Leopoldo veía el Congo como su dominio personal (no compartía la soberanía con el Gobierno belga) y como una fuente de caucho, marfil y otros recursos que engordaban sus arcas personales. Marchal, investigador belga, calcula que Leopoldo amasó unos 220 millones de francos (1.100 millones de dólares de hoy) procedentes del Congo. Buena parte de ese dinero le sirvió para comprarle a su amante adolescente caros vestidos y villas, y para construir monumentos en honor a sí mismo. El coste de esa riqueza fue el sufrimiento de los congoleños. Según Hochschild, la toma de rehenes y la horripilante amputación de manos (de los cadáveres y de los vivos) formaban parte de la política del Gobierno para aterrorizar.

A medida que el “terror del caucho” se extendía por la selva congoleña, añade Hochschild, se destruían aldeas enteras: centenares de cadáveres se acumulaban en ríos y lagos, mientras se presentaban a los funcionarios blancos cestas de manos amputadas como prueba del número de personas asesinadas.

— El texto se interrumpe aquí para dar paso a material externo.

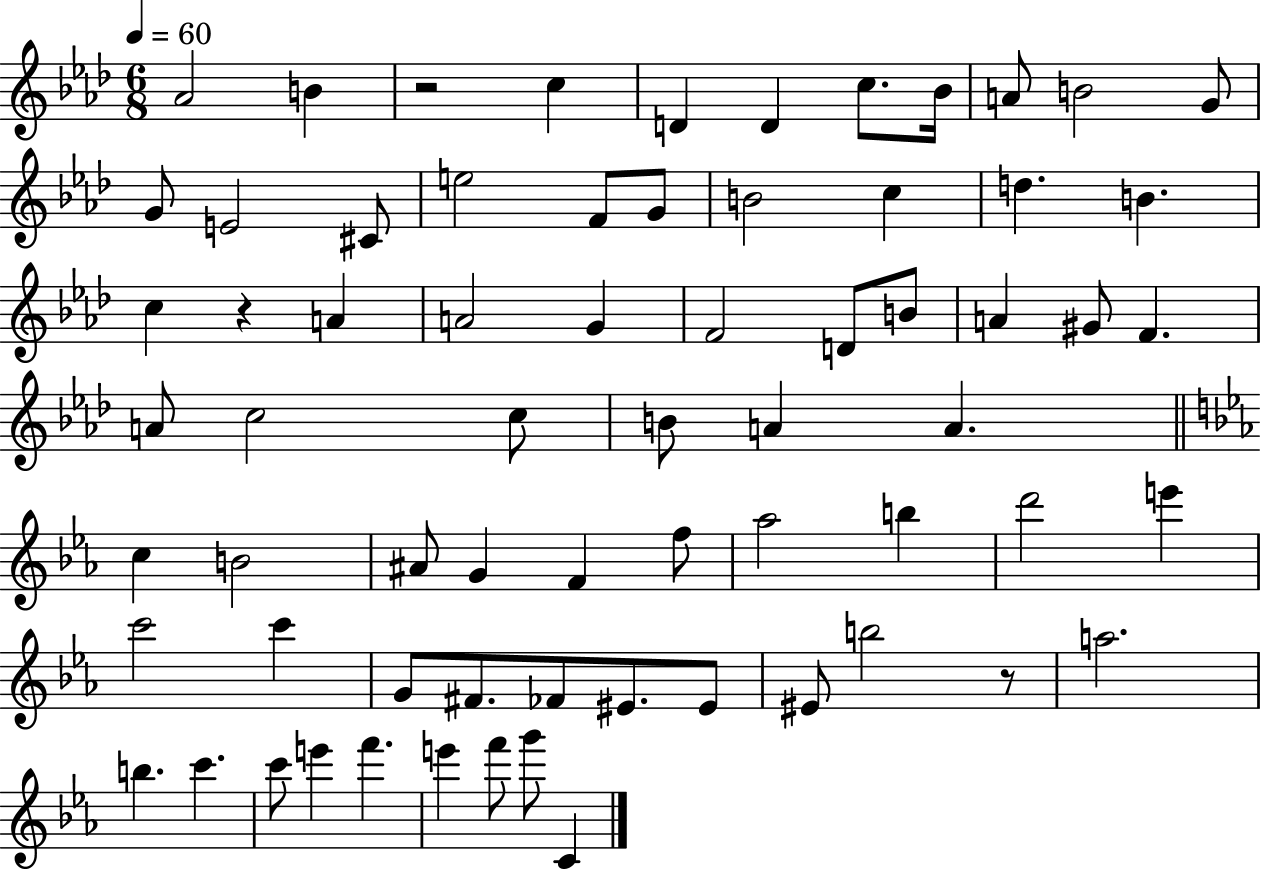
Ab4/h B4/q R/h C5/q D4/q D4/q C5/e. Bb4/s A4/e B4/h G4/e G4/e E4/h C#4/e E5/h F4/e G4/e B4/h C5/q D5/q. B4/q. C5/q R/q A4/q A4/h G4/q F4/h D4/e B4/e A4/q G#4/e F4/q. A4/e C5/h C5/e B4/e A4/q A4/q. C5/q B4/h A#4/e G4/q F4/q F5/e Ab5/h B5/q D6/h E6/q C6/h C6/q G4/e F#4/e. FES4/e EIS4/e. EIS4/e EIS4/e B5/h R/e A5/h. B5/q. C6/q. C6/e E6/q F6/q. E6/q F6/e G6/e C4/q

Hochschild añade el relato sobre el pequeño grupo de disidentes que orquestó la resistencia contra el régimen de Leopoldo. Entre ellos se estaban George Washington Williams, un periodista negro estadounidense que registró la espeluznante situación del Congo en una carta abierta al rey Leopoldo; o Roger Casement, un irlandés que trabajaba en el servicio consular británico y que envió a su país un torrente de mensajes condenando atrocidades concretas y el modo en que se manejaba la colonia.

Los esfuerzos de estos y otros hombres ayudaron a que aumentase la presión internacional sobre Leopoldo, que en 1908 entregó el Congo -lo vendió, de hecho- al Gobierno belga.

Leopoldo intentó asegurarse de que sus crímenes nunca entrasen en los libros de historia. Poco después de la entrega de la colonia, escribe Hochschild, los hornos cercanos al palacio de Leopoldo estuvieron ocho días encendidos, “convirtiendo en cenizas y humo la mayor parte de los documentos estatales sobre Congo”. “Les daré mi Congo”, se cuenta que dijo el rey, “pero no tienen derecho a saber lo que hice allí”.

Con este libro, Hochschild, al igual que otros historiadores antes que él, se asegura de que el rey Leopoldo no se ha salido con la suya en el esfuerzo de borrar el recuerdo de sus brutales actos.

Traducción de José Luis Gil Aristu. Malpaso. Barcelona, 2017. 528 páginas.